Saturday


What’s for me or what’s not for me? That is the question.


I have been presented with so many wonderful opportunities, and I have a difficult time discerning which chances are good and which ones are just too good to be true. Sometimes I listen when my heart tells me that something is perfectly orchestrated for me to walk into and other times I’m weary if it’ll turn out how I imagine it. I have learned from past experiences that if I have to make plans, scheme, or overanalyze how something is going to happen, it’s usually not for me. If I just walk into it and things flow naturally, I don’t have to question it. It’s God’s will. I’ve had major examples of both, and now I trust my instinct to know the difference. Here are my best examples of each.

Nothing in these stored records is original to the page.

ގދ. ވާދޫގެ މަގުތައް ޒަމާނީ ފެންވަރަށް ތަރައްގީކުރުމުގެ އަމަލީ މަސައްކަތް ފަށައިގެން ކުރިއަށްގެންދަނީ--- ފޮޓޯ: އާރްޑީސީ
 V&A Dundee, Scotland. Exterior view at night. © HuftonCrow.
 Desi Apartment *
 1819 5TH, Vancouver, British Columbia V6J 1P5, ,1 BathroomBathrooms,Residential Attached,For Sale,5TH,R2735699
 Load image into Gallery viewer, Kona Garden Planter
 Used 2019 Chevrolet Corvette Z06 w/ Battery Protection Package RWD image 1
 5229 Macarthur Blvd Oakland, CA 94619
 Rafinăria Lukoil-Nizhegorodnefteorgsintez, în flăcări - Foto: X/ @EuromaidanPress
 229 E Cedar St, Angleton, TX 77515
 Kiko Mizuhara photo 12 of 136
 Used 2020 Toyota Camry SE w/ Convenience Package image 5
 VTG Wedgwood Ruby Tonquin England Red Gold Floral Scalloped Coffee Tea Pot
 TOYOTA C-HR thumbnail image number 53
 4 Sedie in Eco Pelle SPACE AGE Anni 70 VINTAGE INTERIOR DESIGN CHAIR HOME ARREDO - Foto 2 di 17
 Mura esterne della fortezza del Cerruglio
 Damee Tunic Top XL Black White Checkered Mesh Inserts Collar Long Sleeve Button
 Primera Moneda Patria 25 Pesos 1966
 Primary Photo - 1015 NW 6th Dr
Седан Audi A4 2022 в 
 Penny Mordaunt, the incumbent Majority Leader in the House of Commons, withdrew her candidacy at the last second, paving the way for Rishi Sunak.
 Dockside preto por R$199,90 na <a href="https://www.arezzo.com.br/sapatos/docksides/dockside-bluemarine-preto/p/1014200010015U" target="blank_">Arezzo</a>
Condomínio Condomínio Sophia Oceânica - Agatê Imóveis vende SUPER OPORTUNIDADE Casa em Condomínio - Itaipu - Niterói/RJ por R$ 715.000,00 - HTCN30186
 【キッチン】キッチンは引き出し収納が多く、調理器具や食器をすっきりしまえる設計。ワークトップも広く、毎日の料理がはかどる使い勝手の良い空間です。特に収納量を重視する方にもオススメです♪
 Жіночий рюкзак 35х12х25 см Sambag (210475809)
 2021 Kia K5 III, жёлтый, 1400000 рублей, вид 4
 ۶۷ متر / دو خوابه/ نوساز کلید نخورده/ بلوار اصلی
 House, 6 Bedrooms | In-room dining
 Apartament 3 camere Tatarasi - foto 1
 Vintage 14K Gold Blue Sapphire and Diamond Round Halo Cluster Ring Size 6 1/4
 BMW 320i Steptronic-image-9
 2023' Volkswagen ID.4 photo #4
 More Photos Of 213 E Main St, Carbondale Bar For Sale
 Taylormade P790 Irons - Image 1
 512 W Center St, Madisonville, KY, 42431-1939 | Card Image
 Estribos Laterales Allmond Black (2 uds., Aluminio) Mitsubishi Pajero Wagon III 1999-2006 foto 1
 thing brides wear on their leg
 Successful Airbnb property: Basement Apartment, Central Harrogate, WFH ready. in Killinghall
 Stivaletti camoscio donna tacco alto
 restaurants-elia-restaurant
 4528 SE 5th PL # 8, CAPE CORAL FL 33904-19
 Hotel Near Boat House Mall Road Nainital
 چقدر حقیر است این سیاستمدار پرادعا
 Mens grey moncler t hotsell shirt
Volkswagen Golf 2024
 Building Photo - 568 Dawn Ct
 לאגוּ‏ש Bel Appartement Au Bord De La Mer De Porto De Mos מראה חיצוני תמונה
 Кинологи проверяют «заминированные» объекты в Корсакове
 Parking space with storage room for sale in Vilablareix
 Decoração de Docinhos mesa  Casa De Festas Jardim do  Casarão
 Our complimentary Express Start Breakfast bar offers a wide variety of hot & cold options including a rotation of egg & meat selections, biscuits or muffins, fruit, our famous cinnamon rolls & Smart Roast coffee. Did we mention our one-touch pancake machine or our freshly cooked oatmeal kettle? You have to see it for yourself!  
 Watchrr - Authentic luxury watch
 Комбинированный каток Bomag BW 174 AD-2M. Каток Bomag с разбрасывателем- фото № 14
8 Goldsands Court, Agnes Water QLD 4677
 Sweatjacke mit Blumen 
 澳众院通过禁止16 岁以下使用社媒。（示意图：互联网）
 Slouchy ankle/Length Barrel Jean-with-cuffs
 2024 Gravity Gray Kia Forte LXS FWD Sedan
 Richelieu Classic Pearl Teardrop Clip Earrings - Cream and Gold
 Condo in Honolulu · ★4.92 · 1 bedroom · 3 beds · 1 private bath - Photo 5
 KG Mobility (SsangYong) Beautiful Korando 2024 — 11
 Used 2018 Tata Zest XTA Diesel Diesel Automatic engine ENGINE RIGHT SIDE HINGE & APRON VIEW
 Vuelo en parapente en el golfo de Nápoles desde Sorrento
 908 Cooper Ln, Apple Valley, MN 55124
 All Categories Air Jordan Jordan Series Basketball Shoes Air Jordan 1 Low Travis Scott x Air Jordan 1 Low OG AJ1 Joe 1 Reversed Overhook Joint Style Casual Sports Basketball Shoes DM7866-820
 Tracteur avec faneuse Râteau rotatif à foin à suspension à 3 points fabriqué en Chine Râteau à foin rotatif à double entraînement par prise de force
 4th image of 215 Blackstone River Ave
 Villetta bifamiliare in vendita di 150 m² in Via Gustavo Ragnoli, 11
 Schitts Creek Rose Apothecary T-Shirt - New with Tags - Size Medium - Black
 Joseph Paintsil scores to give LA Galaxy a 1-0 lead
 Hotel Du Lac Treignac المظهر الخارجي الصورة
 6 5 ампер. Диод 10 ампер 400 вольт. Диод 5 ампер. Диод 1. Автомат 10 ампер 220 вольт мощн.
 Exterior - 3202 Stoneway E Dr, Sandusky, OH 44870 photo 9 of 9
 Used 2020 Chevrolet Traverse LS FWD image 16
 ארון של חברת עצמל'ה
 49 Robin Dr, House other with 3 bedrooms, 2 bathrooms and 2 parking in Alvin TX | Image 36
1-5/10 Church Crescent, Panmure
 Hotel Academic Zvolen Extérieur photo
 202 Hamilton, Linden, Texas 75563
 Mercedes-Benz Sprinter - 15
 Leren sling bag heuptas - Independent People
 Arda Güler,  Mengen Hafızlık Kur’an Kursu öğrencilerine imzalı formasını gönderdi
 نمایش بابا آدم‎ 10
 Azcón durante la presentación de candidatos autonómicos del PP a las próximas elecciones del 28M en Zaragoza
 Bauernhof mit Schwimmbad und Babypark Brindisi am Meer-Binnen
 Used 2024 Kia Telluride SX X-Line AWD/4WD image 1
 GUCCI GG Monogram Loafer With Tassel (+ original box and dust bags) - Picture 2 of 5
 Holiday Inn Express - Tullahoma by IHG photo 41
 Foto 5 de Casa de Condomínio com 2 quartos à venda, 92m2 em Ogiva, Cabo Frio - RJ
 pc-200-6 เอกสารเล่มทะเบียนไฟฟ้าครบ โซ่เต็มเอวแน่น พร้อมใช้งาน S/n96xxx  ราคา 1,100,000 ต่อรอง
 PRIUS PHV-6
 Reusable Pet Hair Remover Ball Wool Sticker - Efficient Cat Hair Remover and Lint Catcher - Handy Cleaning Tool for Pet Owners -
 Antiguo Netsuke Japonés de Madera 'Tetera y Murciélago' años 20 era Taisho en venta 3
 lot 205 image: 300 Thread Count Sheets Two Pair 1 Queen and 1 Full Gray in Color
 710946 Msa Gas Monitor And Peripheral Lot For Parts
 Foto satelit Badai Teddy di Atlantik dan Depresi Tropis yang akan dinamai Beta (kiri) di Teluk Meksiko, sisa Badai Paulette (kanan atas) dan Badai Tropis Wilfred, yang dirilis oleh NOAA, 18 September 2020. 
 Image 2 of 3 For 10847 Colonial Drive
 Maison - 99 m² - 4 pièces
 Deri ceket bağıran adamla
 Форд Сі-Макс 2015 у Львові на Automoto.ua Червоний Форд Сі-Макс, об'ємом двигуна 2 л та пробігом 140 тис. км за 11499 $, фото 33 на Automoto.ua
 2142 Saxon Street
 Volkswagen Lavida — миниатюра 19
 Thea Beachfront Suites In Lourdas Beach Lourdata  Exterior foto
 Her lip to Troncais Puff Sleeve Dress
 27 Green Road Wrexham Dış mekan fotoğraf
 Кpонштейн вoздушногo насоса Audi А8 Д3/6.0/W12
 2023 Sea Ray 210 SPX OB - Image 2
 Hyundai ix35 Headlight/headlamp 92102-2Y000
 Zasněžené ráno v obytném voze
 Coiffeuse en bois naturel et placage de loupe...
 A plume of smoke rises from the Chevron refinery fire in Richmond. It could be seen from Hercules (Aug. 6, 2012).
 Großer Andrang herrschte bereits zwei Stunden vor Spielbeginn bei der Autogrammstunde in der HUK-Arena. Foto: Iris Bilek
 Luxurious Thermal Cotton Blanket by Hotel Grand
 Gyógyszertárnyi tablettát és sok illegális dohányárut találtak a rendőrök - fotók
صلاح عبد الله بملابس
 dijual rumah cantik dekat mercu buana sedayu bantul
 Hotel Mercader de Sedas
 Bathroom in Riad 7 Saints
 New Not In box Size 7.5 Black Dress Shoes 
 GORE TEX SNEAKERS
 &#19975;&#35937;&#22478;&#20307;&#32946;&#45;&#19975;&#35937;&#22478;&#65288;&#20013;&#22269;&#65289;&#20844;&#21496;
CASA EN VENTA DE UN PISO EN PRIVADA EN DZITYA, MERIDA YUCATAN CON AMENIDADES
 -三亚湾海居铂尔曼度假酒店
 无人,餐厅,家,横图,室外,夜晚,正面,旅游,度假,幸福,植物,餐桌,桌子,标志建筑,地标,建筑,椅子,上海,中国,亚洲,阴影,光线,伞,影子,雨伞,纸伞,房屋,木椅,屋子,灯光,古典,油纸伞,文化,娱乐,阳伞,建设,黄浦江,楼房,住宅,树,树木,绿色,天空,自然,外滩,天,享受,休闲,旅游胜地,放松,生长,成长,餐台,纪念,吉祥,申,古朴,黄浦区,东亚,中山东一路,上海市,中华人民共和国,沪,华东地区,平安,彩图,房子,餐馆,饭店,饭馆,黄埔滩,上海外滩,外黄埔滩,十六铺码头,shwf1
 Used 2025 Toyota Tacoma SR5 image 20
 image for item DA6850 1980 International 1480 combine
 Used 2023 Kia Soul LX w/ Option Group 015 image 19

I really wanted to transfer to an out-of-state college. I call each time I applied to a group of schools “rounds,” and I did 3 rounds of applications. My freshman year, I applied to some very prestigious universities on the east coast, REJECTED. The next year, I applied to a few schools that were in the Washington, D.C. area. I had a couple of friends near there and a friend in the process of transferring. I thought I wanted to study broadcast in the nations capital. I must have been way off 'cause I don’t even remember receiving decision letters from all of those schools. Come to think of it… I may not have even submitted a complete application to any of those schools in this round.  Because I found a few more reasonable schools and I polished my applications. I was even involved in a program that helped transfer students transition into these universities. I got accepted to all schools I applied. NO FINANCIAL ASSISTANCE. Ughh. I was convinced that was where I was supposed to be, it was my city of choice… but not in my desired major. My heart hurt for a long time after that round. It was clear as 4K Ultra HD technology that I was not supposed to transfer at all. (Clearly, I’m stubborn.)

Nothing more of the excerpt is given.